Ms. Saila comes from a line of artists. Her great-grandfather, Pauta Saila, was an acclaimed carver, and her grandfather, Mikisiti Saila, followed his footsteps.

Mikisiti made enough money to buy a snowmobile, and on spring evenings he would hook it up to a qamutik — a homemade sled — and take his family to nearby lakes to ice-fish. In the summer, they would set out in his boat for weeks and pitch canvas tents on a rocky island, where Ms. Saila learned to pluck sea gull eggs, pick orange cloudberries and hunt.

The Inuit call this being "on the land." Hunting and foraging are an essential part of their identity, even for those to whom it's a distant memory.
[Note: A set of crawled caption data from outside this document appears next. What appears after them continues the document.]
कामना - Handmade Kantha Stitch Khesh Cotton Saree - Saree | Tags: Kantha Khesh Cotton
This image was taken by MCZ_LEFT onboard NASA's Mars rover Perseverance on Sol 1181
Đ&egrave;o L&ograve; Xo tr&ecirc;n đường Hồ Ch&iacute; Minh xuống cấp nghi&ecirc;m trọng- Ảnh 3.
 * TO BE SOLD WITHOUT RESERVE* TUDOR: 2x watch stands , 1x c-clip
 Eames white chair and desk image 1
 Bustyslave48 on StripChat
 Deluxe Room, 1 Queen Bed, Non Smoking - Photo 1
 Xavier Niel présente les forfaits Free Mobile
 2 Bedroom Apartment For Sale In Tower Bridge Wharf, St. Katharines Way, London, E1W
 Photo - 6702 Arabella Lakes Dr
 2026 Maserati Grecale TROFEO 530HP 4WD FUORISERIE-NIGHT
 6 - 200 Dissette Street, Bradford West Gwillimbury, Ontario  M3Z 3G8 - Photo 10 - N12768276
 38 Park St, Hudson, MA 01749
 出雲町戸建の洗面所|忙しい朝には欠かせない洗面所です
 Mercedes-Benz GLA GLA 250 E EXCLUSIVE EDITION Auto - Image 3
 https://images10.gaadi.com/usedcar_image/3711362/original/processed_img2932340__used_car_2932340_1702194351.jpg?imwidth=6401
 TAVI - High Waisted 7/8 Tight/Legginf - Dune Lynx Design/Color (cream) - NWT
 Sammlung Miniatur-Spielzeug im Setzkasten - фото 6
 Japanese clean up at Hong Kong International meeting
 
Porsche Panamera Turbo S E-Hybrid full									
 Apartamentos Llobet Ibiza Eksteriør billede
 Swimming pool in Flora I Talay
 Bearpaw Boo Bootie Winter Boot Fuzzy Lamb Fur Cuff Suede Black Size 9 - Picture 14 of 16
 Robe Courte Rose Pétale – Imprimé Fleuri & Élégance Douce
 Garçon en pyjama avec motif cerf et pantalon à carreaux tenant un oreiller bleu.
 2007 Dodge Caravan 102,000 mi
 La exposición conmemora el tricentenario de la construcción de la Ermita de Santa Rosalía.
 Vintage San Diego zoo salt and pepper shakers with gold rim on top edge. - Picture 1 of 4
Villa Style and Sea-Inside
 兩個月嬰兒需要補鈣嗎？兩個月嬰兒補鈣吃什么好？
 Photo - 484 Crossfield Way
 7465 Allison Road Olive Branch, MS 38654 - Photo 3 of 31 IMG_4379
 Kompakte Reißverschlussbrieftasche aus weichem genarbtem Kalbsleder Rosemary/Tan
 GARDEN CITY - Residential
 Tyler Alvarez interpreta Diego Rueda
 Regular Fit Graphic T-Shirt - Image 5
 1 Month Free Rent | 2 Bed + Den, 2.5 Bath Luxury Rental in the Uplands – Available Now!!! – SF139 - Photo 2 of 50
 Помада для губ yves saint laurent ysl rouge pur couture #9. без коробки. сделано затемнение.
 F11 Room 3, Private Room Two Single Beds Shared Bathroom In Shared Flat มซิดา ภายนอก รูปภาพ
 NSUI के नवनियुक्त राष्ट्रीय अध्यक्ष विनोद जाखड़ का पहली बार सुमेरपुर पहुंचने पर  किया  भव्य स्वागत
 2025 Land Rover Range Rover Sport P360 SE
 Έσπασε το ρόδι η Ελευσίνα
"It was family time," Ms. Saila said. "When you are out on the land, it's peaceful."

In 2008, her grandfather died of tuberculosis, leaving no savings for his family. (There are no banks in Cape Dorset.) Every one of his valuable carvings had been sold. His boat went to an uncle , Ms. Saila said. The snowmobile broke down, then disappeared.

The trips on the land became more infrequent.

When Ms. Saila was in the 11th grade, she became pregnant. She dropped out of school and got a job working at the co-op's late-night convenience store. Residents still recount her confrontation with a drunk customer.

"I got mad — I head-butted her," she said, giggling at the memory. She says she quit.

Her next stop was the welfare office.

One day four years ago, Ms. Saila saw someone in town carrying a roll of thick artist paper. It stirred a memory of her best friend when she was a child — the granddaughter of Kenojuak Ashevak, Nunavut's most celebrated artist. Together, she and her friend would lie on their stomachs on the kitchen floor and watch the artist draw.

Ms. Saila appeared at the co-op studio and asked for some paper. Over time, Mr. Ritchie, the studio manager , pushed her to try landscapes.

The result was 15-foot elegies to her childhood trips, so dense with color pencil, Mr. Ritchie said, "you can almost read them like Braille."

"No one is doing what she's doing," he said.

Ms. Saila cried when he gave her $1,900 for her first large drawing. It was more money than she had ever held at once.

All the money went to groceries for her extended family.

"I'm happy I started drawing to get something to eat — especially for my kids," she said.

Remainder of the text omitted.